● TASK BRIEF
Output the whole listing exactly, with no pictures.

● DATASET EXTRACT
******************************

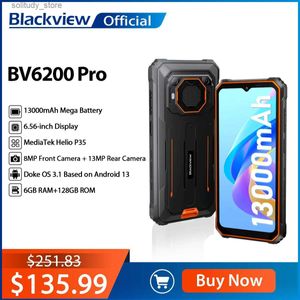 휴대 전화 블랙 뷰 BV6200 프로 튼튼한 안드로이드 13 6.56 인치 헬리오 P35 4GB+128GB 스마트 폰 13000mah 18W 빠른 충전 NFC 전화 Q240312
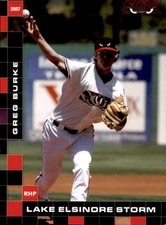 2007 Lake Elsinore Storm Grandstand #6 Greg Burke Bellmawr New Jersey NJ Card
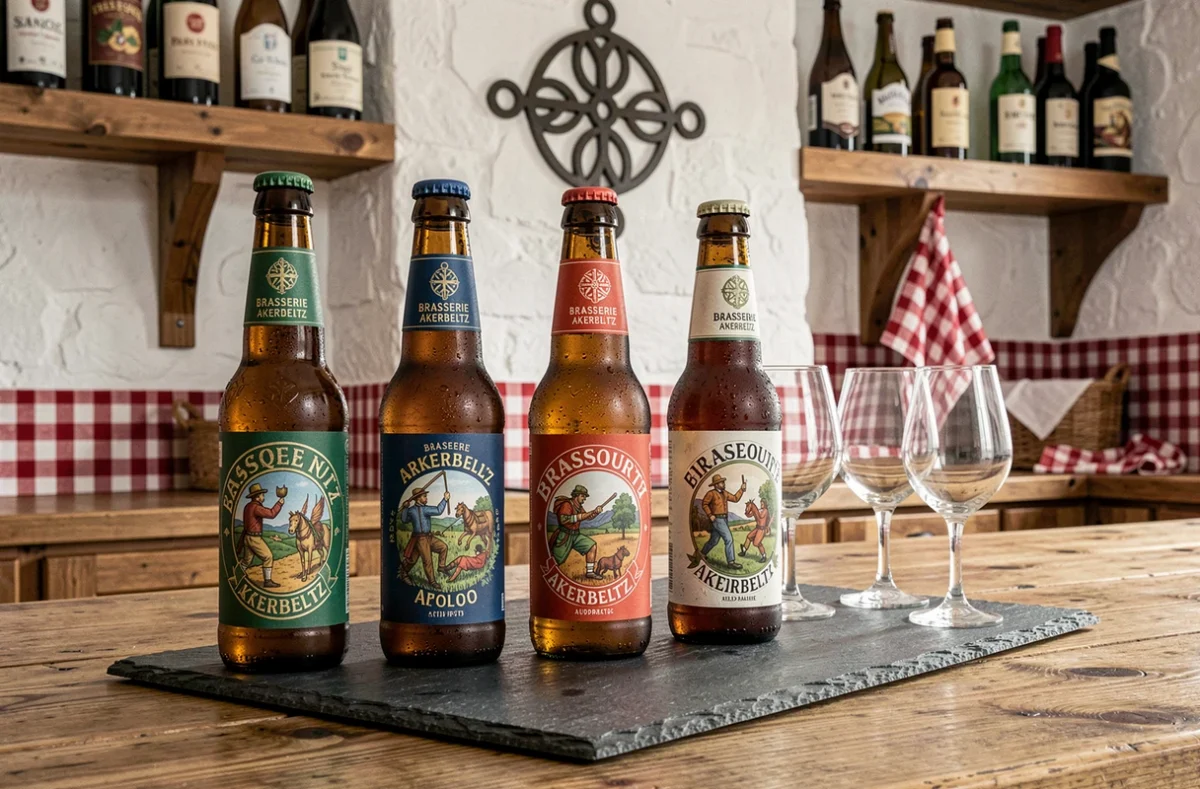 Bouteilles de bière artisanale de la Brasserie Akerbeltz avec étiquettes mythologie basque sur ardoise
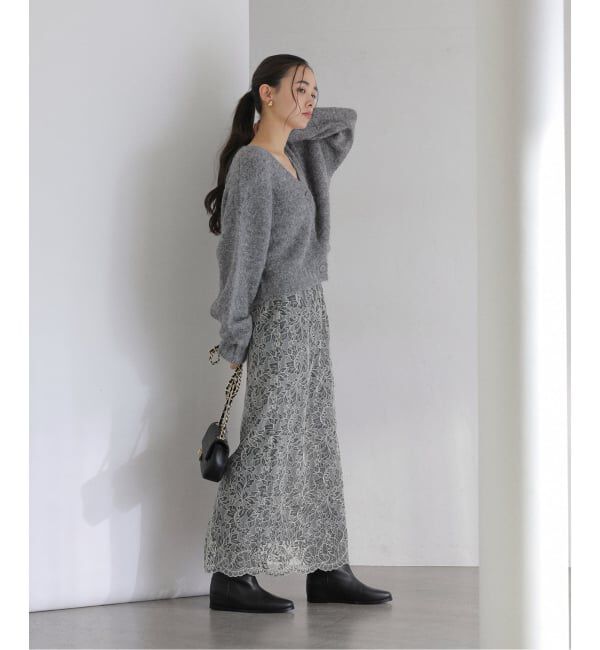  「【洗える】Vネックコンパクトカーディガン」|カーディガン|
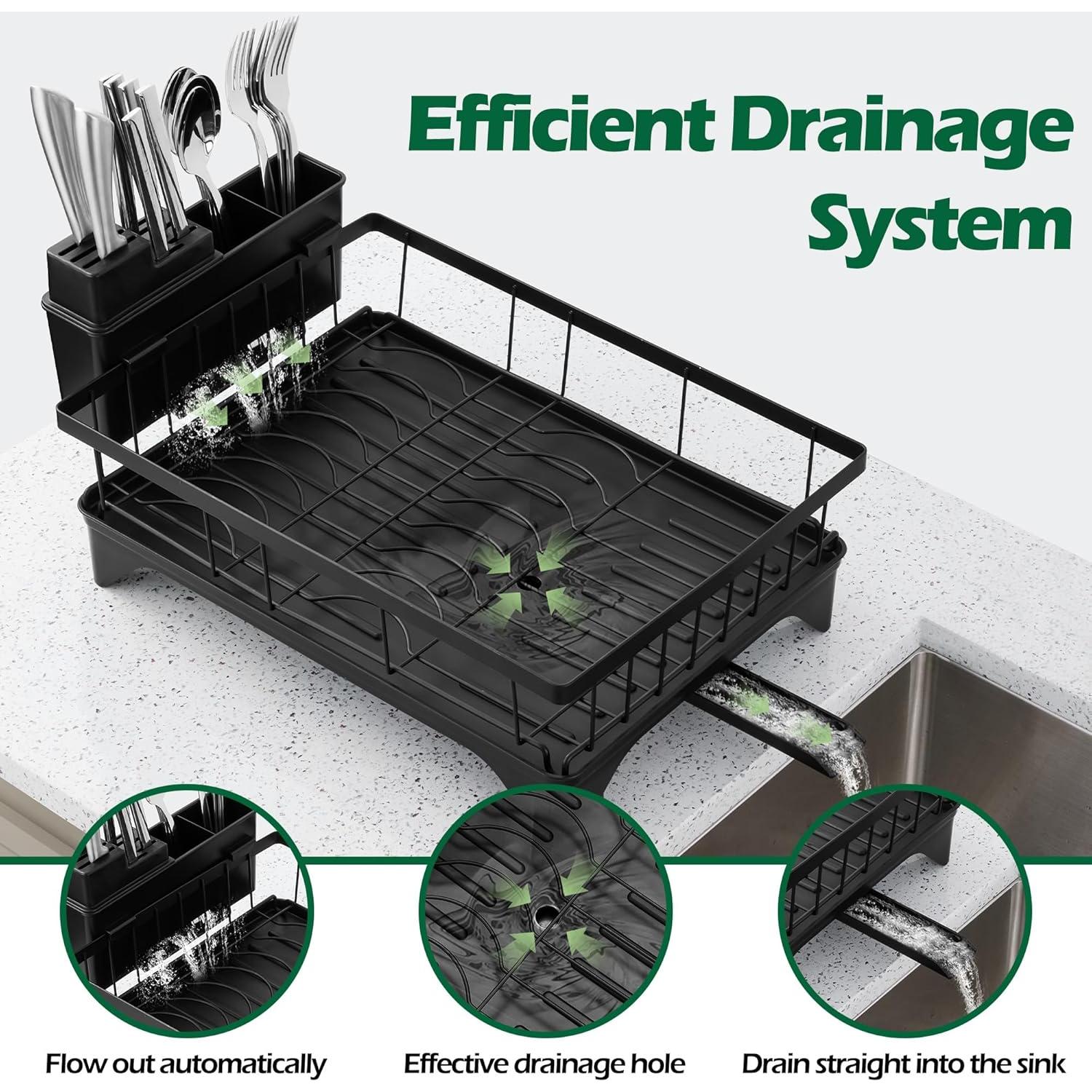 Estante para Secar Platos E-far 2 Niveles Organizador Metal 42.4x30x35.3cm
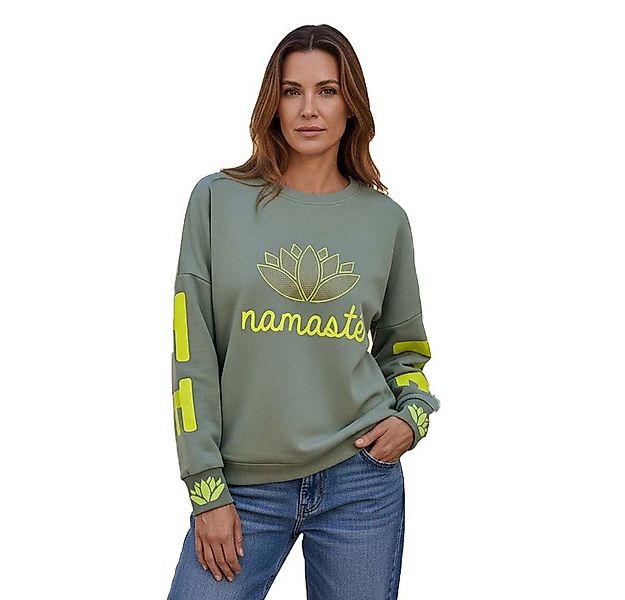 Miss Goodlife Sweatshirt Roundneck MG13591 Namasté Strass mit Neon-Print - günstig online kaufen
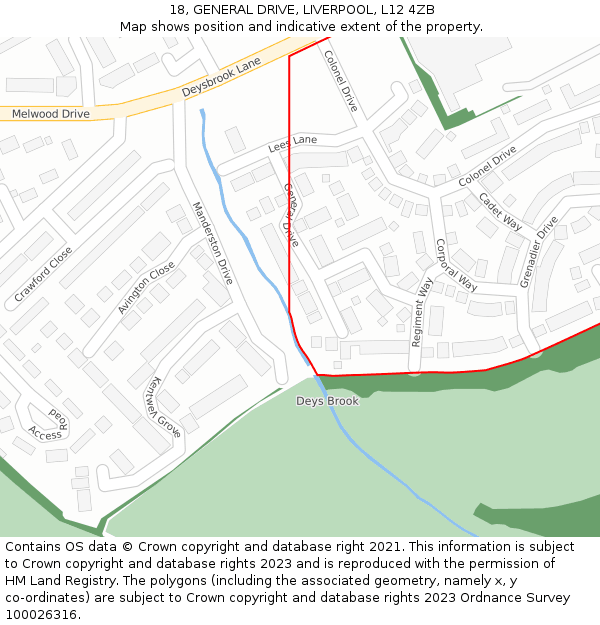 18, GENERAL DRIVE, LIVERPOOL, L12 4ZB: Location map and indicative extent of plot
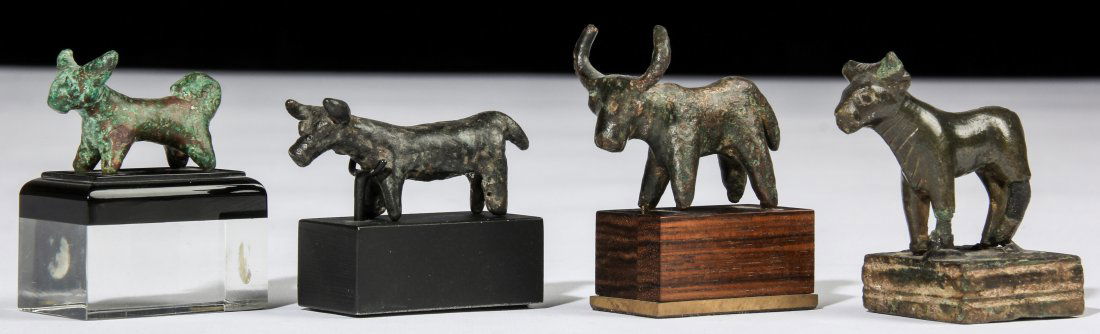 4 Ancient Near East Figural Bronze Bull Forms (1 of 4)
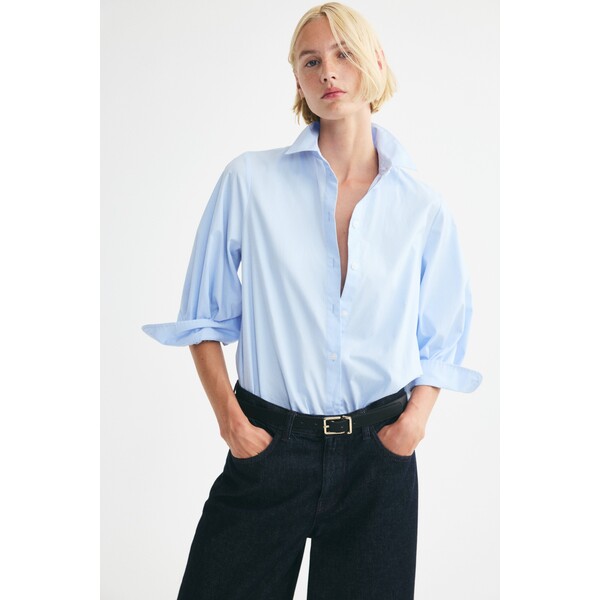 H&M Bawełniana koszula z baloniastym rękawem 1360820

******************************

● RESPONSE BELOW
 휴대 전화 블랙 뷰 BV6200 프로 튼튼한 안드로이드 13 6.56 인치 헬리오 P35 4GB+128GB 스마트 폰 13000mah 18W 빠른 충전 NFC 전화 Q240312
 2007 Lake Elsinore Storm Grandstand #6 Greg Burke Bellmawr New Jersey NJ Card
 Bouteilles de bière artisanale de la Brasserie Akerbeltz avec étiquettes mythologie basque sur ardoise
  「【洗える】Vネックコンパクトカーディガン」|カーディガン|
 Estante para Secar Platos E-far 2 Niveles Organizador Metal 42.4x30x35.3cm
 Miss Goodlife Sweatshirt Roundneck MG13591 Namasté Strass mit Neon-Print - günstig online kaufen
 18, GENERAL DRIVE, LIVERPOOL, L12 4ZB: Location map and indicative extent of plot
 4 Ancient Near East Figural Bronze Bull Forms (1 of 4)
 H&M Bawełniana koszula z baloniastym rękawem 1360820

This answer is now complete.